Brussels, 13th June 2007
The European Commission has opened under EC Treaty state aid rules a formal investigation into potential aid to large and medium-sized companies in France in the form of artificially low regulated electricity tariffs that are financed by the state directly or indirectly. The Commission will assess whether the regulated tariffs constituted state subsidies to large and medium-sized companies and if so, whether such aid could give rise to disproportionate distortions of trade and competition within the EU Single Market. The Commission's state aid investigation does not however concern regulated tariffs for households and small companies. The decision to open an investigation gives interested parties an opportunity to comment on the proposed measure. It does not prejudge the outcome of the investigation.
Competition Commissioner Neelie Kroes commented: “The state financing of certain companies' electricity costs could distort competition between European industries and prevent consumers from fully enjoying the benefits of the Single Market."
French electricity consumers can buy their electricity either on the liberalised market or on the regulated market. On the regulated market, they buy the electricity from distributors designated by the French State, at regulated prices. The regulated prices are currently considerably lower than the electricity prices on the liberalised market. Since the beginning of 2007, clients who had left the regulated market can return to it and pay electricity prices that are above the original regulated prices, but still below the market prices. The system appears to be financed mainly by the state-owned company Electricité de France (EDF) and by parafiscal contributions levied on all French electricity consumers and administered by the state.

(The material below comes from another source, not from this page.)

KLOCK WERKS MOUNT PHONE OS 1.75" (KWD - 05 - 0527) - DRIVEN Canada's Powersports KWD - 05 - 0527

The Commission is concerned in particular about the potential distortion of competition entailed in the "green" and "yellow" tariffs which are the lowest ones and applicable to medium and large companies, and can effect mostly in the markets for products made by energy-intensive companies. The investigation does not cover the "blue" tariffs (applicable mainly to households and small companies) since they do not seem to grant any economic advantage to the relevant companies.
The competition problems raised by artificially low state-regulated tariffs were highlighted by the conclusions of the Commission's energy sector competition inquiry (see IP/07/26 and MEMO/07/15). The Commission has already opened an infringement case against France concerning the regulated tariffs arrangements, which may be incompatible with the electricity liberalisation Directive 2003/54/EC (see IP/06/1768). The Commission opened already an in-depth investigation into regulated electricity tariffs in Spain on 25 January 2007 (see IP/07/93).